--- Dataset Enclosed Below ---
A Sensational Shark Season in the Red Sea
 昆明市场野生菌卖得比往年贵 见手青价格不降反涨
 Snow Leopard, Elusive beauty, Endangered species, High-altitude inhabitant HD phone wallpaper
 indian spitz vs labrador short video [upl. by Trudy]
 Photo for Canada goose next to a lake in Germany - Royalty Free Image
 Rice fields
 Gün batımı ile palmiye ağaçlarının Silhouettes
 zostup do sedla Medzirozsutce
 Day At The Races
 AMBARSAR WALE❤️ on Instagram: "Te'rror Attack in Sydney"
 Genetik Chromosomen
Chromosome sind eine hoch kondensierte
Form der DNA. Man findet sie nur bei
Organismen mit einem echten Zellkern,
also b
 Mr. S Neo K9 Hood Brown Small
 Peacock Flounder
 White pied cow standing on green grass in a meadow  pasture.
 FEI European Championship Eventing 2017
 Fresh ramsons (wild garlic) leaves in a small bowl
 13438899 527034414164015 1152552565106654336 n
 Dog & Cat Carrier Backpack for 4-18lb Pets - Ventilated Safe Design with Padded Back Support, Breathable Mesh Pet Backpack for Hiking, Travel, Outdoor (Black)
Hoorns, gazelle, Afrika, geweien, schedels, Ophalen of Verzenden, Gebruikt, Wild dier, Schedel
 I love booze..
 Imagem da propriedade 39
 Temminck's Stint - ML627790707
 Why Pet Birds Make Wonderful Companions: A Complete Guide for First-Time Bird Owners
--- End of Enclosed Dataset ---
→ Exercise directions:
Quote the lines of the listing above that run from the line with "I love booze.." through its last line, both included, and nothing else.

→ Solution to this exercise:
 I love booze..
 Imagem da propriedade 39
 Temminck's Stint - ML627790707
 Why Pet Birds Make Wonderful Companions: A Complete Guide for First-Time Bird Owners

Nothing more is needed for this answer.